Provisional estimates for 2017 show that these businesses acquired £1,866 billion and disposed of £1,777 billion longer-term financial instruments. Net investment is the difference between acquisitions and disposals of longer-term assets, as well as changes in holdings of short-term assets, and can therefore be volatile. Table 1 (at the end of this section) displays net investment data by asset type.

Quarter 4 (Oct to Dec) 2017 was the fourth consecutive quarter of net investment (£24 billion (Figure 1)). In terms of context, the five-year quarterly average for this series is net investment of £9 billion. Net investment was reported in short-term assets, UK government sterling securities and other assets.

For 2017 as a whole, net investment reported by the institutions covered in this release is provisionally estimated at £91 billion, the highest since the start of this series in 1987.

Net investment or net disinvestment varies across the quarters of a calendar year and so an increase or decrease in investment from one quarter to the next is not necessarily an indicator of improved or worsening economic activity. A better gauge of investor activity is the composition of investment between types of instruments over a number of quarters, which is more likely to reflect varying investment strategies.

Short-term assets

Investment in short-term assets (those maturing within one year of their originating date) can be affected by the level of the net inflows of funds into the businesses concerned (premiums or contributions, for example) and by the relative attractiveness of other investments, both in terms of their potential returns and risk.

In Quarter 4 2017, there was net investment of £17 billion in short-term assets (Figure 2), the largest for this series since Quarter 3 (July to Sept) 2007 (£19 billion). In terms of context, the five-year quarterly average for this series is net investment of £3 billion.

The provisional annual estimate of net investment of £35 billion in short-term assets in 2017, was the largest since 2007 (£41 billion). This may reflect a change in the outlook of the surveyed institutional groups with businesses choosing to favour liquidity at this time. Short-term assets are particularly attractive during periods of uncertainty, as they allow businesses to change their investment strategies as events unfold.

UK government sterling securities (gilts)

UK gilts (gilt-edged market securities) are fixed income or index-linked bonds issued by the UK government. On the primary gilt market, the purchaser of a gilt lends the government money in return for regular interest payments and the promise that the nominal value of the gilt will be repaid (redeemed) on a specified future date. These assets may then be bought and sold by investors in the secondary market. Gilts are very liquid assets that offer virtually risk-free returns.

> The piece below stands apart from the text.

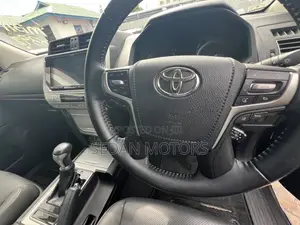 Toyota Land Cruiser Prado 2019 Matt Black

The institutions covered by this release reported net investment in gilts in Quarter 4 2017 of £2 billion (Figure 3), the eighth consecutive quarter of net investment in these assets. In terms of context, the five-year quarterly average for this series is net investment of £5 billion.

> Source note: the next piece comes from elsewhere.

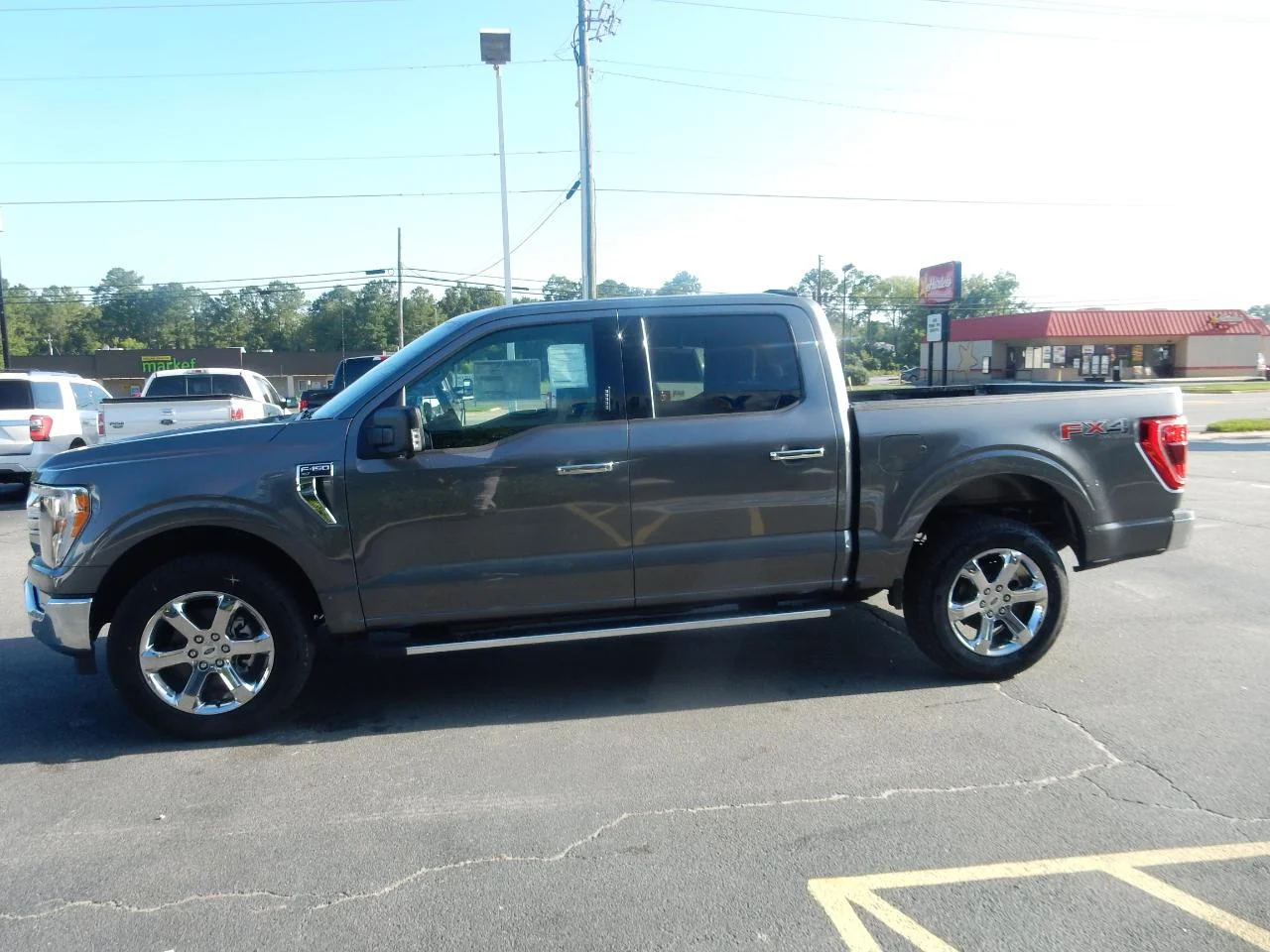 New 2022 Gray Ford XLT 4WD SUPERCREW 5.5 ft BO image 5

Looking at the annual picture, the 2017 provisional estimate of net investment of £29 billion in gilts was the fifth consecutive year of net investment. This was preceded by net disinvestment in 2011 and 2012, which may suggest that some market participants (particularly pension funds) have been switching back to gilts in recent years possibly due to the relative attractiveness of gilts compared with other asset types.

In recent times, the market for gilts has been notably influenced by the Bank of England's quantitative easing programme. On 4 August 2016, the Monetary Policy Committee voted to extend the programme of quantitative easing to £435 billion and to make up to £10 billion of corporate bond purchases over an 18-month period. The gilt portion of this extension ended in January 2017 and it reinvested funds from maturing assets in February and September of 2017. Generally, the additional demand for gilts from the Central Bank would likely result in net disinvestment by other institutions, notwithstanding issues of new gilts. These effects are not immediately apparent in the overall net investment data for this asset type.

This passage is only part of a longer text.